Shopping centre landlords in the UK are being hit by unexpected running costs and lower rental returns due to local authorities increasingly charging backdated rates for items such as cash machines, photo booths and vending machines, according to Cushman & Wakefield.

 

The UK government’s drive for localism has given local authorities a direct interest in rates collected in their area as they now retain a proportion of it. As a result, authorities are increasingly instructing the Valuation Office Agency (VOA), which delivers a range of valuation and surveying services to over 4,000 public sector bodies in the UK, to assess extra items which will increase their income.

 

This has included kiosks, photo booths, ATMs and vending machines as well as pop-up or temporary stores with some shopping centre owners now facing rates bills backdated to 2010 on these items as part of residual mall assessments.

 

As a result shopping centre operators are facing unexpected bills of up to £75,000/year (€97,000/year) which is increasing running costs and also potentially impacting rent returns, as well as creating service charge disputes.

 

So far 61 such assessments have been made across the UK, totalling £2.79m (€3.62m) in Rateable Value – equivalent to circa £1.4m (€1.8m) in rates liability.

 

Mark O’Leary, a director in the business rates team at Cushman & Wakefield, which manages 28,000 UK properties with a total rateable value of £1.3bn (€1.7bn), said: “There is a clear move by local authorities to seek to maximise their rate revenues and this will only increase as ultimately they will retain all rates revenues from their locality under Government changes.

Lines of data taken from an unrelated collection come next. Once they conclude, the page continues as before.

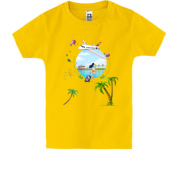 Детская футболка с девушкой и самолётом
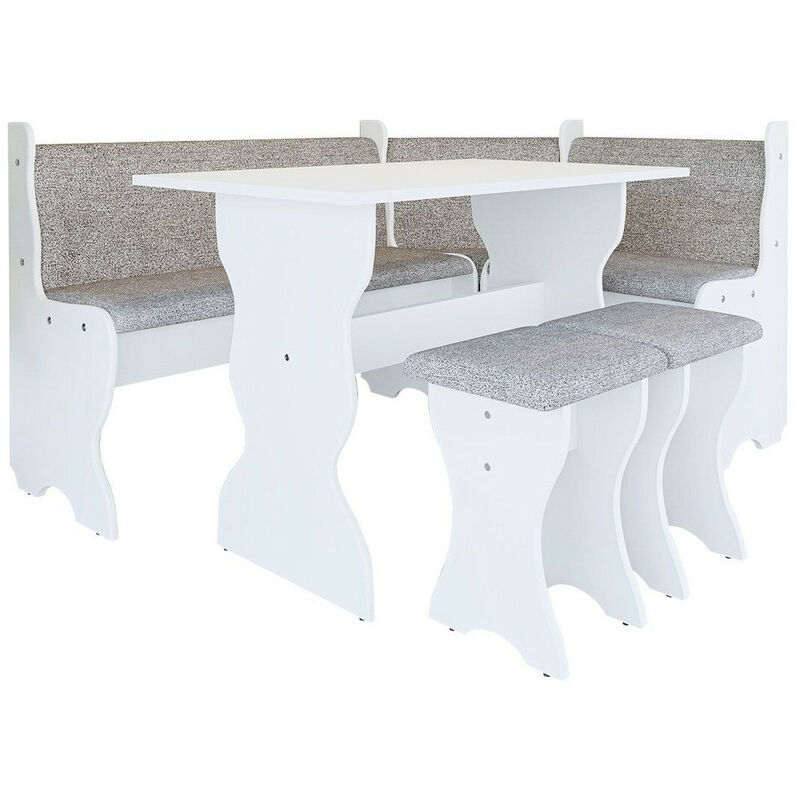 foto del prodotto mobilier1 set sala da pranzo angolare reading 100, bianco alfa 13, truciolare laminato, arazzo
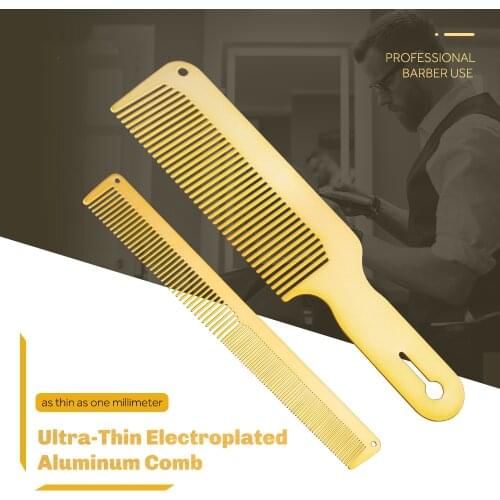 CestoMen Barbershop Haircut Comb Durable Heat-Resistant Anti-static Titanium Steel Meatl Comb Haircut Tools For Hairdresser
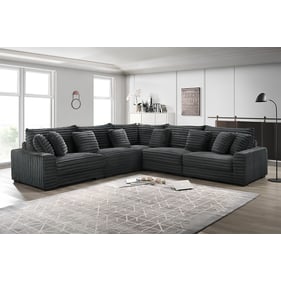 New Classic Furniture Embrace Charcoal 5pc Sectional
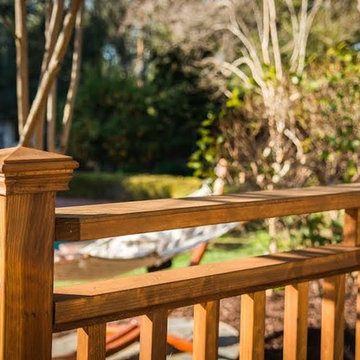 Curved Redwood Deck with Hot Tub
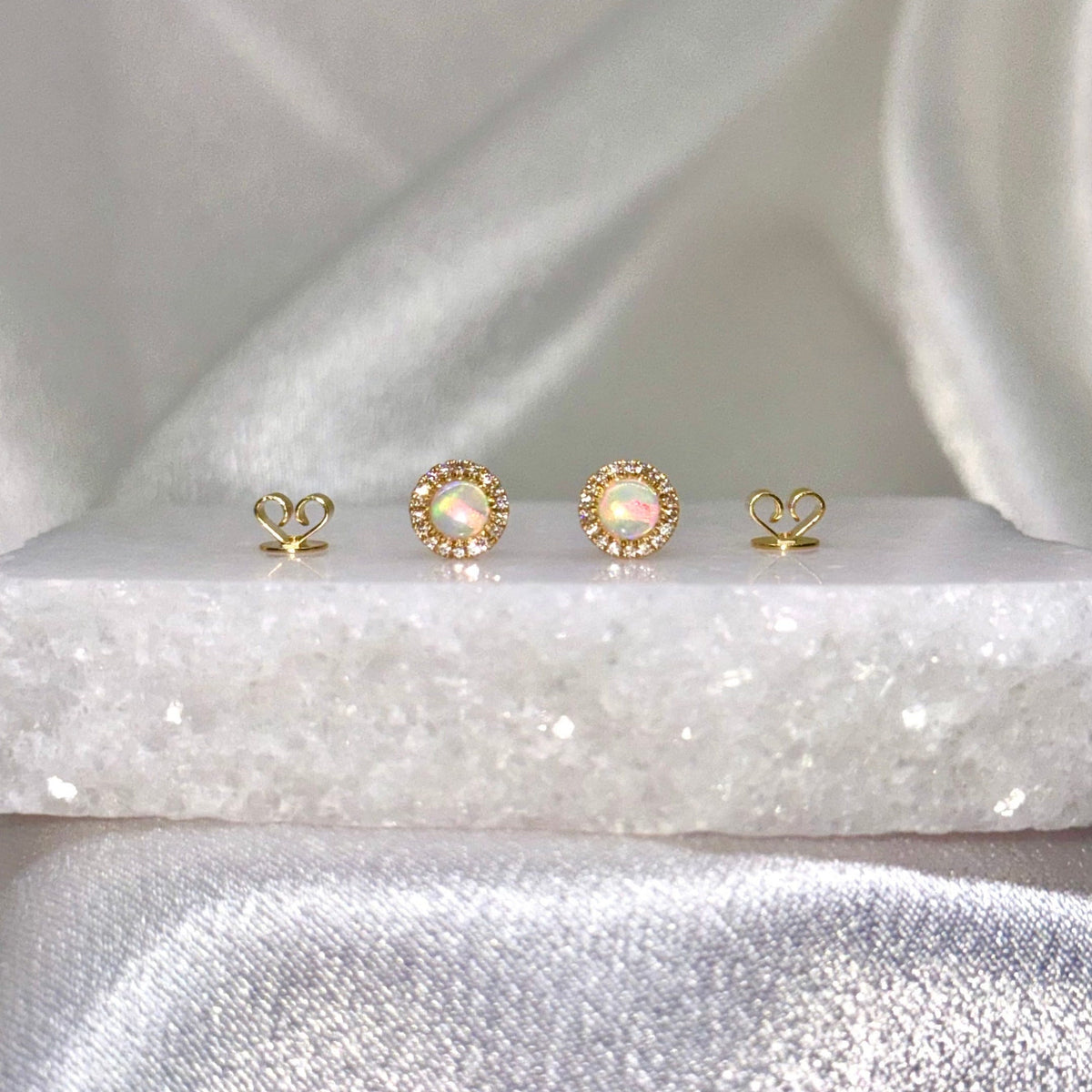 Genuine Opal and Diamond Round Stud Earrings with Diamond Halo Trim / 14k Solid Gold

We are increasingly seeing examples of the Valuation Office Agency being instructed to inspect shopping centres to look for items in the commercial area of the mall which could attract a rateable value and therefore a rate liability.

 

“This is a major change in approach and landlords may incur a non-recoverable liability not previously budgeted for. This is turn may affect capital market values going forward. Assessing the whole of the common parts of malls as one also raises a debate around service charge recoverability of rates costs.

 

“This situation is compounded by recently-introduced restrictions on appeals which mean that in some cases ratepayers will have just six months in which to appeal against these assessments, including having them deleted. We therefore recommend that any affected centre instructs a rating surveyor to review this immediately.”

 

Catherine Lambert, Cushman & Wakefield’s head of retail property management, added: “Some of these charges go back more than five years and it is imperative mall owners review all their existing leases and licences to tenants specifically looking at where rates liabilities should fall. The legality of assessing the residual mall space is currently being reviewed and may be challenged in the coming months with a view to having assessments, and therefore any liability impact, removed.”